■ **Problem to solve**
Output the span of lines from the one that contains "this 1168×656 image." through the end of the records, inclusive, exactly as written and free of pictures.

[Spatial localization data]
--

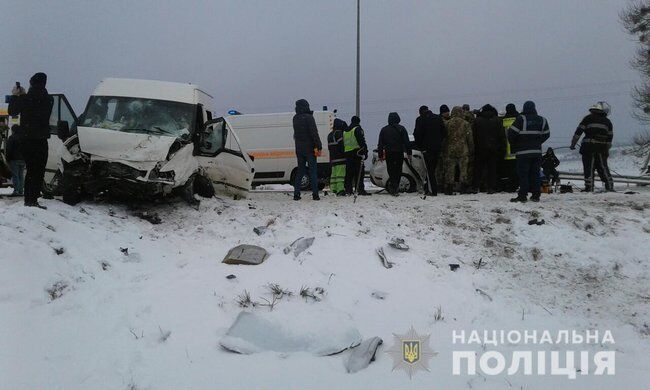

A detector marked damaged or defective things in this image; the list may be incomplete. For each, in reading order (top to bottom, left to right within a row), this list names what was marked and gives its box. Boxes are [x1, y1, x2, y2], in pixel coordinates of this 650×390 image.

broken windshield [80, 96, 195, 142]
damaged car [47, 76, 253, 204]
wrecked white van [53, 77, 253, 203]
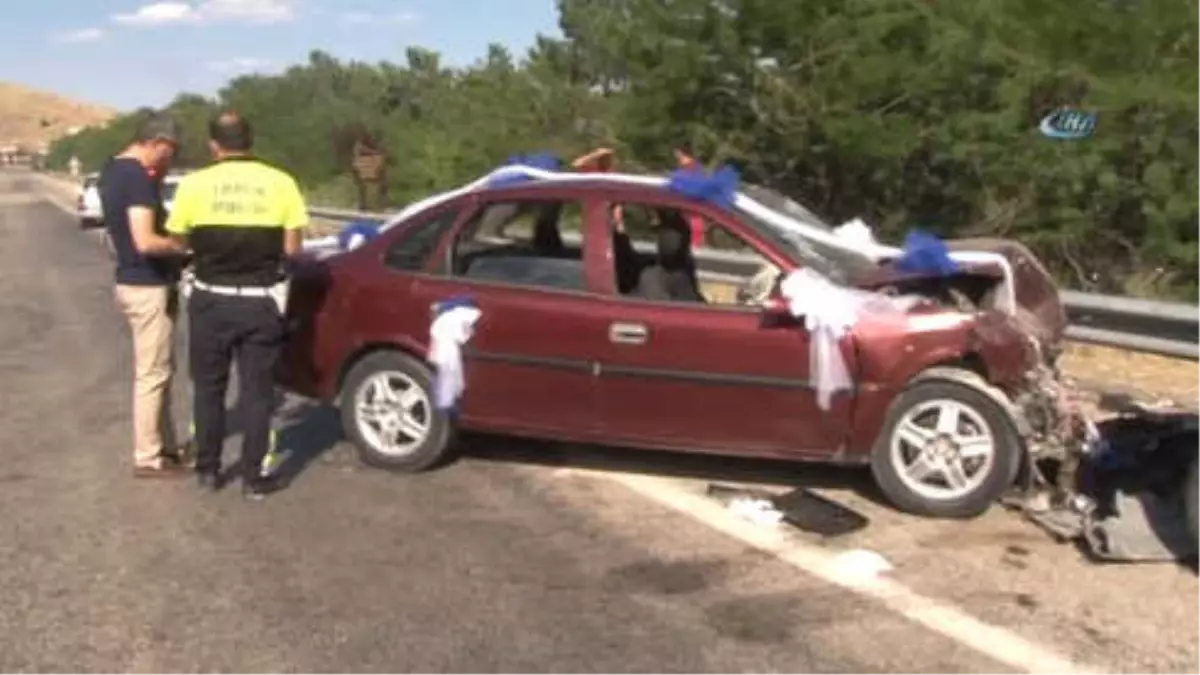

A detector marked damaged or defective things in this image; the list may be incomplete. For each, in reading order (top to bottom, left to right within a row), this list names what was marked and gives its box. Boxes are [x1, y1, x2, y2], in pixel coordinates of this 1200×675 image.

damaged red sedan [278, 168, 1080, 516]
shattered windshield [736, 184, 876, 282]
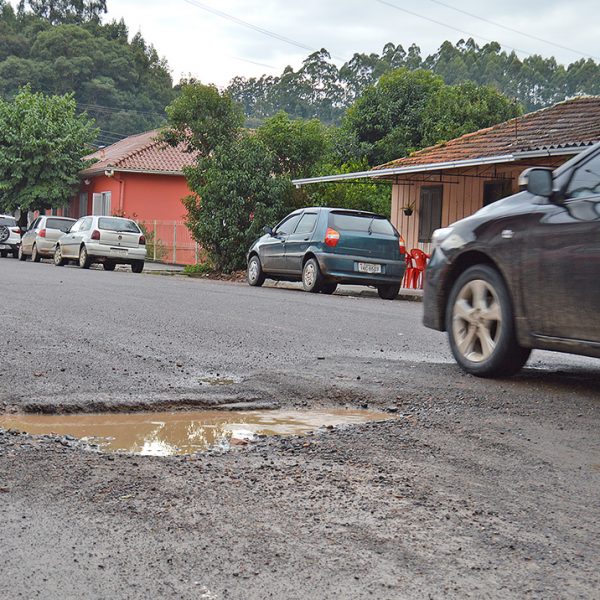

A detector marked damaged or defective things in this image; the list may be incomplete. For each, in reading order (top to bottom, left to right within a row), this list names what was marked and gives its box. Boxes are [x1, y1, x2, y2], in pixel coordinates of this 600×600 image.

pothole in road [1, 410, 394, 458]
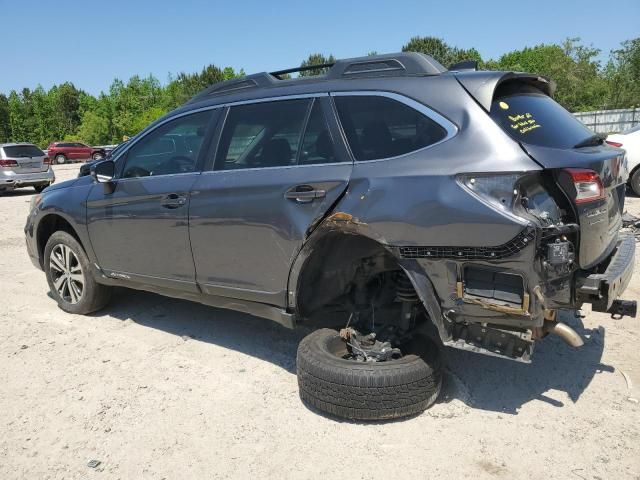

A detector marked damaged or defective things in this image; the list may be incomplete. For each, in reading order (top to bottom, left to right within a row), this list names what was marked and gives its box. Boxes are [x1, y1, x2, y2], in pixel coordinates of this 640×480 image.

damaged gray subaru outback [23, 53, 636, 420]
detached spare tire [298, 326, 442, 420]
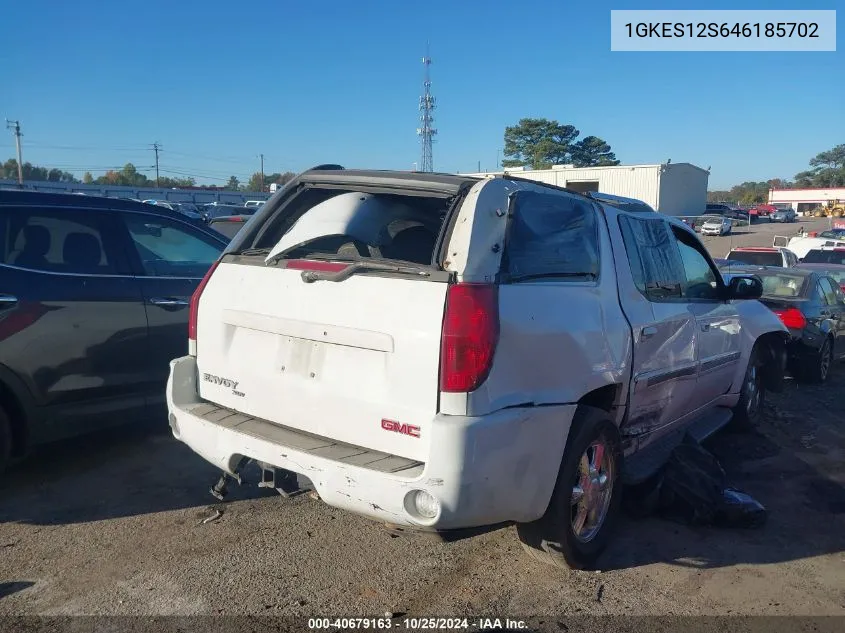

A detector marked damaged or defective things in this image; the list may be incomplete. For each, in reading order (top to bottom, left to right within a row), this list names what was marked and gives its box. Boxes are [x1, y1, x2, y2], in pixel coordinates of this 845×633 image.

damaged white suv [166, 165, 792, 564]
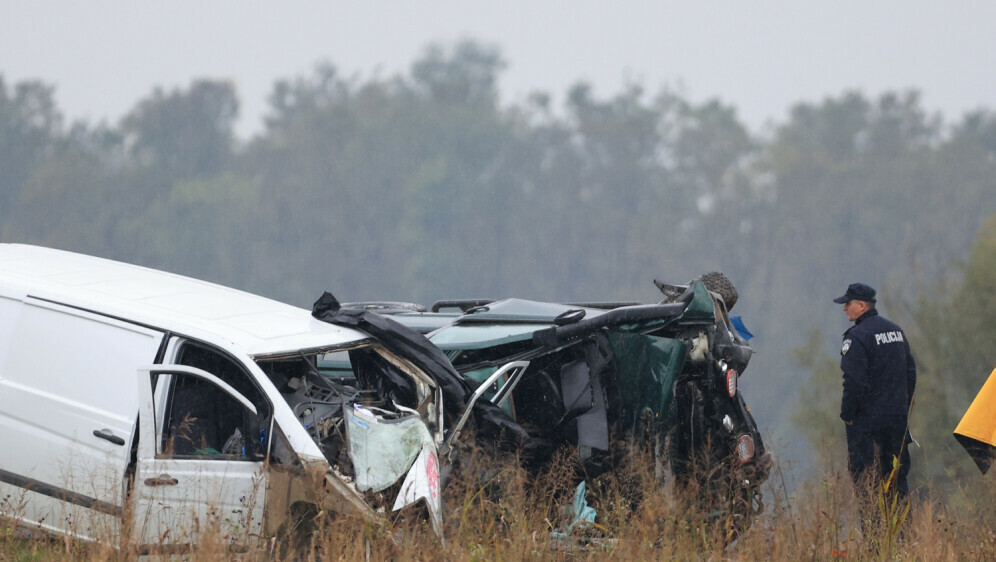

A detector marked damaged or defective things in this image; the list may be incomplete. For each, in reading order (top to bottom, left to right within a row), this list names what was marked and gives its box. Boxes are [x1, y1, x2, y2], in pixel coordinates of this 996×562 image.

crushed vehicle [0, 244, 502, 548]
overturned vehicle [346, 274, 776, 532]
crushed vehicle [346, 276, 776, 532]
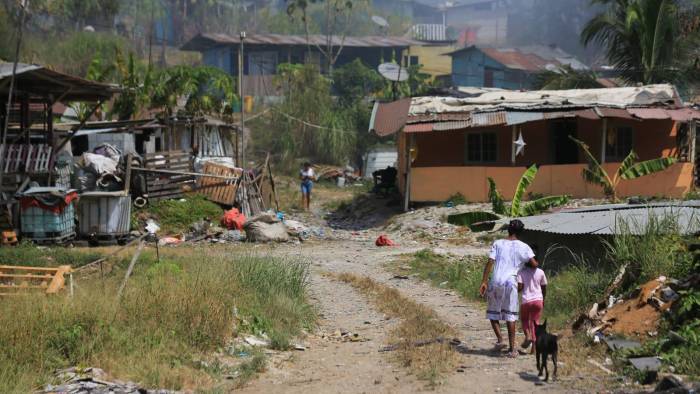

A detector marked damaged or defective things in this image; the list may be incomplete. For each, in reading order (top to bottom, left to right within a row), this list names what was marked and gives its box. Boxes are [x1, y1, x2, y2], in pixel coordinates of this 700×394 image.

rusty metal roof [183, 33, 418, 51]
rusty metal roof [370, 98, 412, 137]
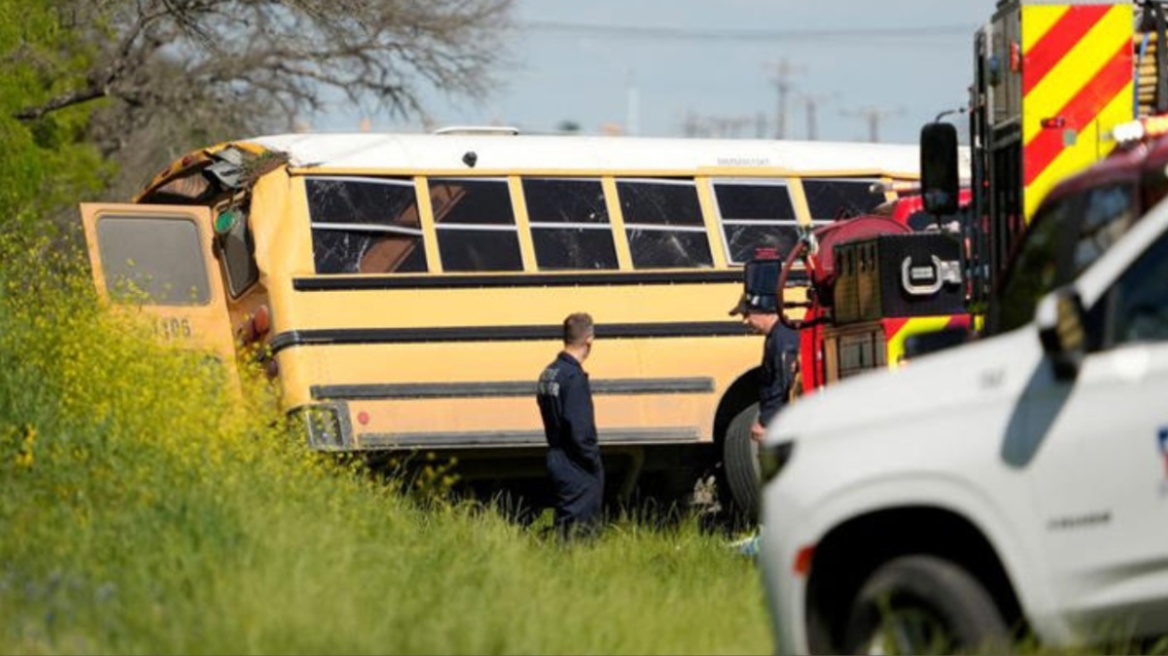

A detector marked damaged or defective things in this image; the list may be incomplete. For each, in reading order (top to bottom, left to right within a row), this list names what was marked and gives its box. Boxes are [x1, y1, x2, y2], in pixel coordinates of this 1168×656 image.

cracked bus window [96, 217, 210, 306]
cracked bus window [306, 177, 428, 274]
cracked bus window [428, 177, 520, 272]
cracked bus window [524, 177, 620, 270]
cracked bus window [620, 178, 712, 268]
cracked bus window [712, 179, 812, 264]
cracked bus window [804, 178, 884, 222]
damaged yellow school bus [80, 128, 920, 508]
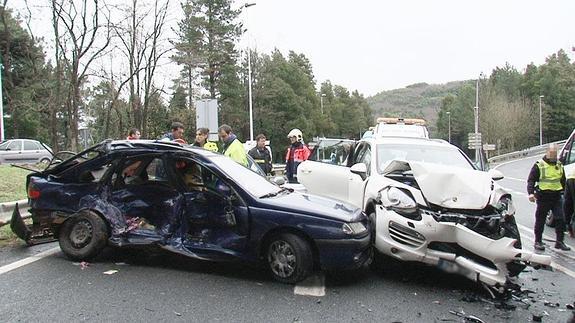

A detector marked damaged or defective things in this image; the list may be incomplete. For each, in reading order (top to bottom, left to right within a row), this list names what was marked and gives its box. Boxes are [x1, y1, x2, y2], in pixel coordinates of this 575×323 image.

crushed car door [111, 156, 183, 242]
blue wrecked car [11, 139, 372, 284]
crushed car door [174, 158, 249, 262]
shattered windshield [213, 155, 282, 197]
crushed car door [296, 139, 356, 202]
crushed car door [346, 143, 374, 209]
shattered windshield [376, 144, 474, 175]
white wrecked car [300, 137, 552, 292]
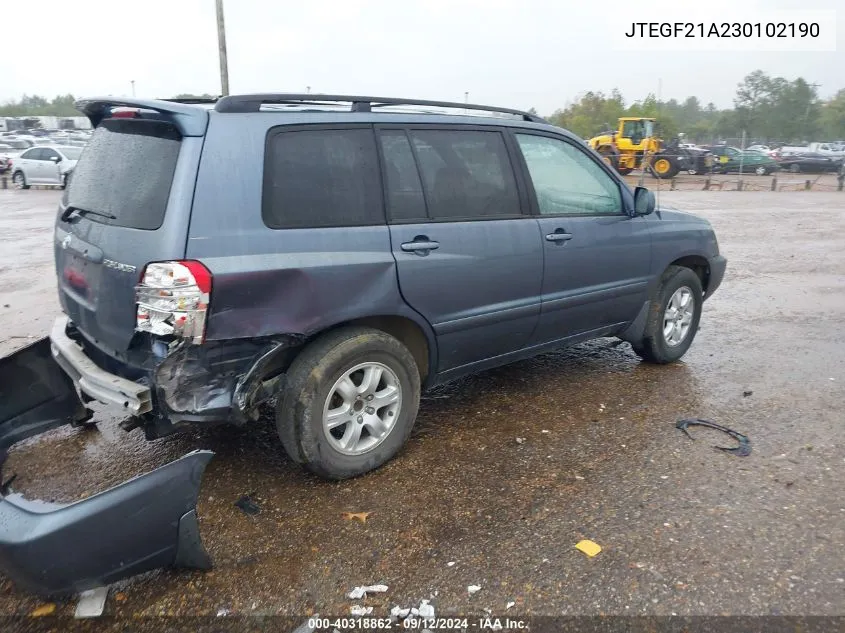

--

■ **Solution for this task**
A detector marked damaged or defective things in this image; the list may be incomplete. For each, in reading order (top to bottom, left to right within a row), this list names what was marked and gives its box. Boxes are [x1, y1, x2, y2], in pixel coordinates of this 1168×656 image.

cracked bus window [96, 217, 210, 306]
cracked bus window [306, 177, 428, 274]
cracked bus window [428, 177, 520, 272]
cracked bus window [524, 177, 620, 270]
cracked bus window [620, 178, 712, 268]
cracked bus window [712, 179, 812, 264]
cracked bus window [804, 178, 884, 222]
damaged yellow school bus [80, 128, 920, 508]

A detector marked damaged or defective things in this image; the list may be incomplete. For each, in reading order (top to bottom, left to right within a row), this list names what was marked and gives its box. Boxes are [x1, y1, x2, y2], in pixel coordinates of this 575×323 image.

crushed car door [111, 156, 183, 242]
blue wrecked car [11, 139, 372, 284]
crushed car door [174, 158, 249, 262]
shattered windshield [213, 155, 282, 197]
crushed car door [296, 139, 356, 202]
crushed car door [346, 143, 374, 209]
shattered windshield [376, 144, 474, 175]
white wrecked car [300, 137, 552, 292]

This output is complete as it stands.